I had a superb lunch recently with a CEO I’d coached for nearly six years. Over that time, I’d supported him through the highs and lows of scaling businesses, navigating funding rounds and leading global expansions. He had recently resigned from his company, a highly successful, scaled business he had grown from scratch to start a new AI-first venture. All at once, the words brave, mad, and necessary came into my head.
I pressed him on why he had taken this seemingly drastic step and his answer stunned me:
“I realised I was trying to perfect the past instead of building the future.”
This, of course, made me reflect on the dilemma many CEOs face today: Are we investing our time and energy perfecting what exists or are we bold enough to pursue what comes next?
This question is deeply existential. It’s not just about strategy or timing; it’s about identity, courage and the personal stakes of choosing a path. And with the AI boom, echoes of the dot-com era add another layer: Are we jumping from a solid, familiar entity into uncharted waters that may be overhyped? Am I moving from the frying pan into the fire?
The Evolve, Leap, or Innovate Framework:
CEOs essentially have three paths when facing these moments of disruption:
1. Evolve:
Continue building on your existing business, but push it to adapt and modernize. Assess what realistically can change, where AI or other innovations can add leverage, and ensure the team and operating rhythm can absorb those initiatives. This requires clear prioritization, disciplined execution, and constant reflection. It’s about incremental but high-impact change, balancing ambition with capacity.
2. Leap:
Start anew. Sometimes, the existing organization simply isn’t equipped to become AI-native or absorb transformational change quickly enough. In this scenario, a CEO may decide to build a completely new venture, approaching the market from a clean slate just like the CEO I referenced earlier. This path is high-risk and high-reward: it demands rapid learning, rigorous market validation and psychological readiness to live with the consequences, no matter the outcome. Your identity, reputation, and resources are all on the line.
3. Innovate:
The “startup within a startup.” Instead of leaving, create a small, autonomous team inside the existing company to explore transformative opportunities. This team has the freedom to experiment, test hypotheses, and validate ideas without destabilizing the core business. The goal is to harness the energy of innovation while maintaining the stability and momentum of the current company. As Steve Jobs once put it, “It’s better to be a pirate than join the navy” - but in this model, you get to be the pirate within the navy.
For many CEOs, this is not just a strategic choice, it’s an emotional reckoning.
Am I still the right leader for the business I built?
Is my energy going into defending the past or creating the future?
If I were starting from scratch today, would I still build the same company?
The truth is: there’s no single right answer. Some CEOs rediscover their drive by evolving their existing company and embedding innovation at the core. Others find liberation and renewed energy in starting afresh. What matters most is that the decision is made consciously, not reactively.
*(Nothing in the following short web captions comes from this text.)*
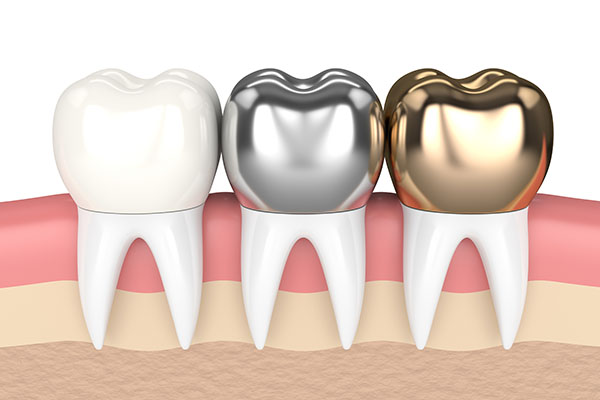 CEREC Crowns vs Traditional - Which Is Better, Bonded or Cemented in Place?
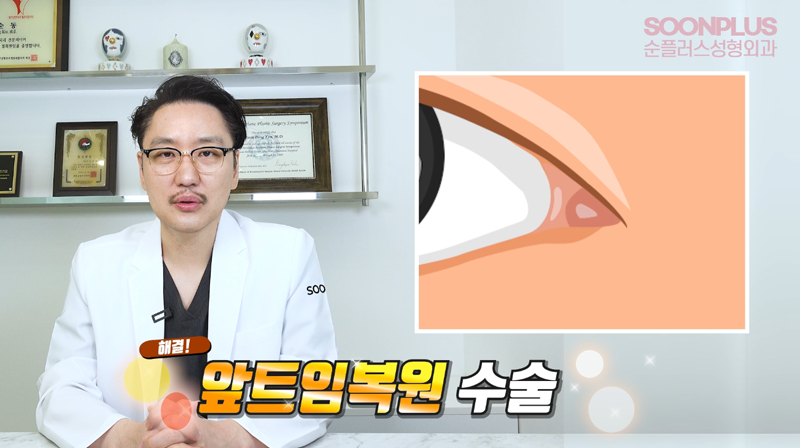 'Am I Really a Candidate for Epicanthoplasty Revision?' Dr. Kim Soondong’s Story About Epicanthoplasty Revision Surgery image 6
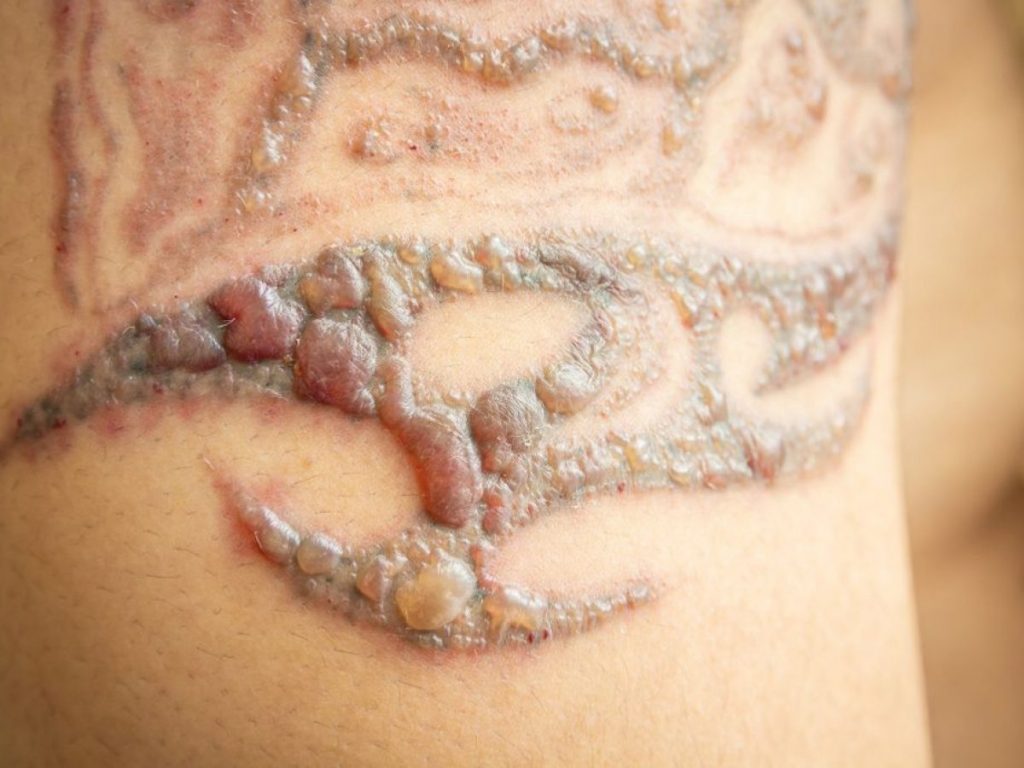 laser tattoo removal side effects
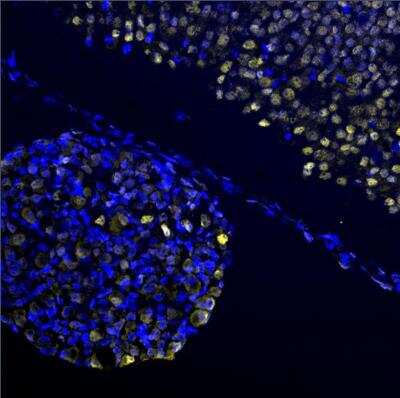 Immunocytochemistry/ Immunofluorescence: EGR2 Antibody - BSA Free [NB110-59723]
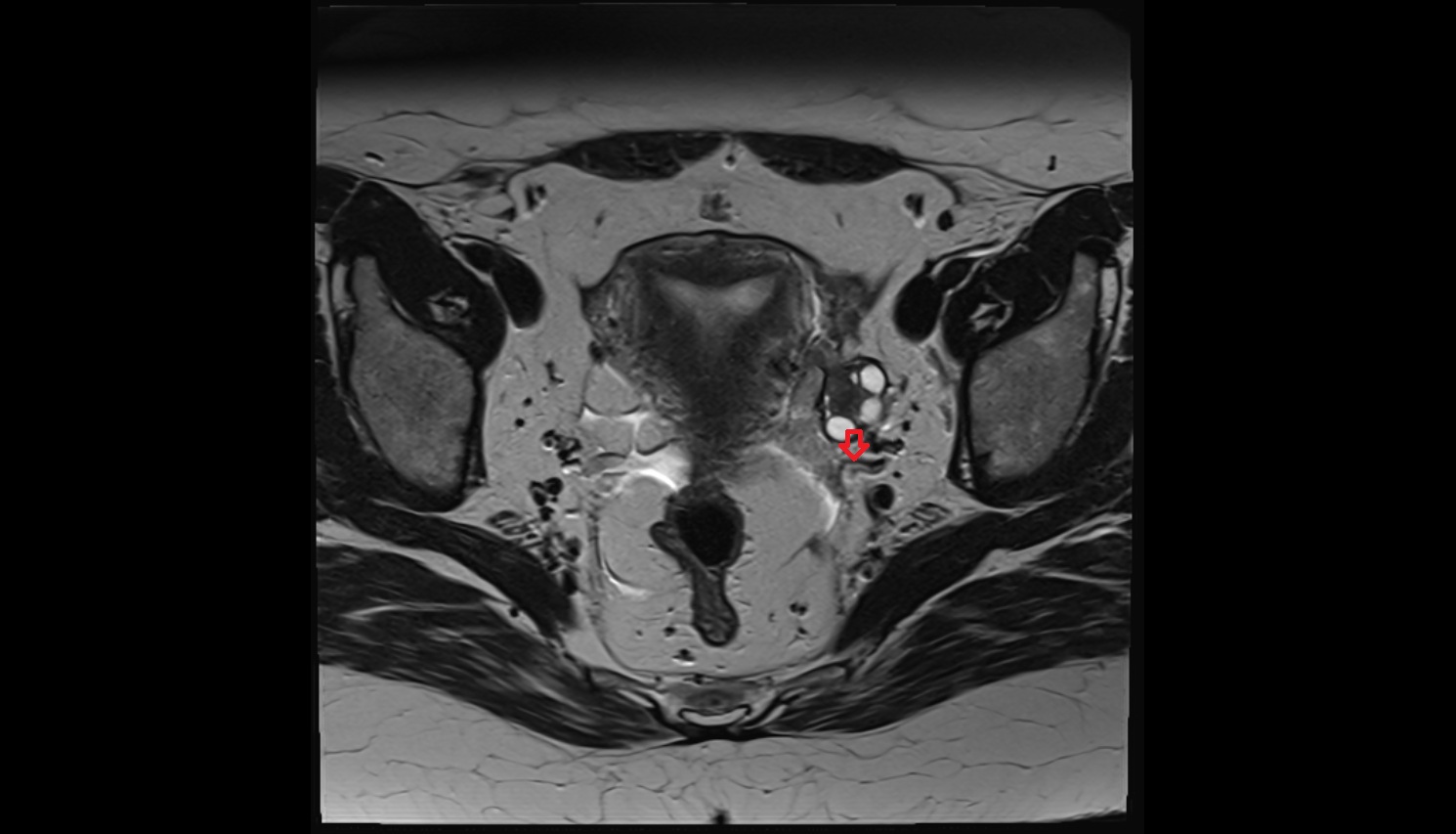 Uterine veins  mri axial  anatomy  image-img-00000-00000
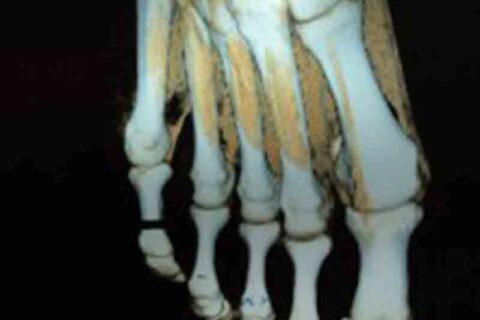 hand x-ray image
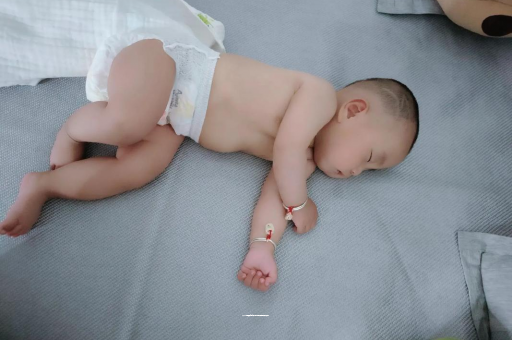 涉县六个月宝宝眼睛散光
Because in a world where AI is redrawing the map, trying to perfect the past may feel safe, but it’s often the most dangerous move of all.
So whether you choose to evolve, leap, or innovate, do so with clarity, conviction and courage. The future belongs not to those who protect what was, but to those who dare to build what’s next.
A few questions for you to reflect upon:
Identity and Impact: Which path aligns more closely with the legacy and impact I want to leave: perfecting what exists, or building something entirely new?
Organizational Readiness: Does my current team and structure have the capacity to absorb meaningful change, or would a fresh start unlock higher potential?
Risk Perspective: Am I prepared - mentally, financially, and emotionally - to live with the consequences of the decision I make, whatever they may be?